ACTIVITY -
Write out the listing again, exactly as it appears below.

SOURCE MATERIAL -
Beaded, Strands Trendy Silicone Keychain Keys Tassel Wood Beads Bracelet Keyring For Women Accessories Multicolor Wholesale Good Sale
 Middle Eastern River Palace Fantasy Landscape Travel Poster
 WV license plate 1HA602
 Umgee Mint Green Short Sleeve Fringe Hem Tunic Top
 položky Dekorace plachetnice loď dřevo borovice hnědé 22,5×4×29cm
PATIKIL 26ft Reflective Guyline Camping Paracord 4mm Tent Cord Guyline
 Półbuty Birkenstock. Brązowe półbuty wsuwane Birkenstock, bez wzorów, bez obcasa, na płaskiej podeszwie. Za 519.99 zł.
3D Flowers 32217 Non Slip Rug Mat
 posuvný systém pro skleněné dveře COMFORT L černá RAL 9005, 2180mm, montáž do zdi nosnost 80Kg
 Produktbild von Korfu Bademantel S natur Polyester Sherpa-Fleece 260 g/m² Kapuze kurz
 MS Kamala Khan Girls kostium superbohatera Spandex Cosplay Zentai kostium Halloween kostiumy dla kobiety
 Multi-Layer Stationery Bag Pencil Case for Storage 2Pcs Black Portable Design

RESULT -
Beaded, Strands Trendy Silicone Keychain Keys Tassel Wood Beads Bracelet Keyring For Women Accessories Multicolor Wholesale Good Sale
 Middle Eastern River Palace Fantasy Landscape Travel Poster
 WV license plate 1HA602
 Umgee Mint Green Short Sleeve Fringe Hem Tunic Top
 položky Dekorace plachetnice loď dřevo borovice hnědé 22,5×4×29cm
PATIKIL 26ft Reflective Guyline Camping Paracord 4mm Tent Cord Guyline
 Półbuty Birkenstock. Brązowe półbuty wsuwane Birkenstock, bez wzorów, bez obcasa, na płaskiej podeszwie. Za 519.99 zł.
3D Flowers 32217 Non Slip Rug Mat
 posuvný systém pro skleněné dveře COMFORT L černá RAL 9005, 2180mm, montáž do zdi nosnost 80Kg
 Produktbild von Korfu Bademantel S natur Polyester Sherpa-Fleece 260 g/m² Kapuze kurz
 MS Kamala Khan Girls kostium superbohatera Spandex Cosplay Zentai kostium Halloween kostiumy dla kobiety
 Multi-Layer Stationery Bag Pencil Case for Storage 2Pcs Black Portable Design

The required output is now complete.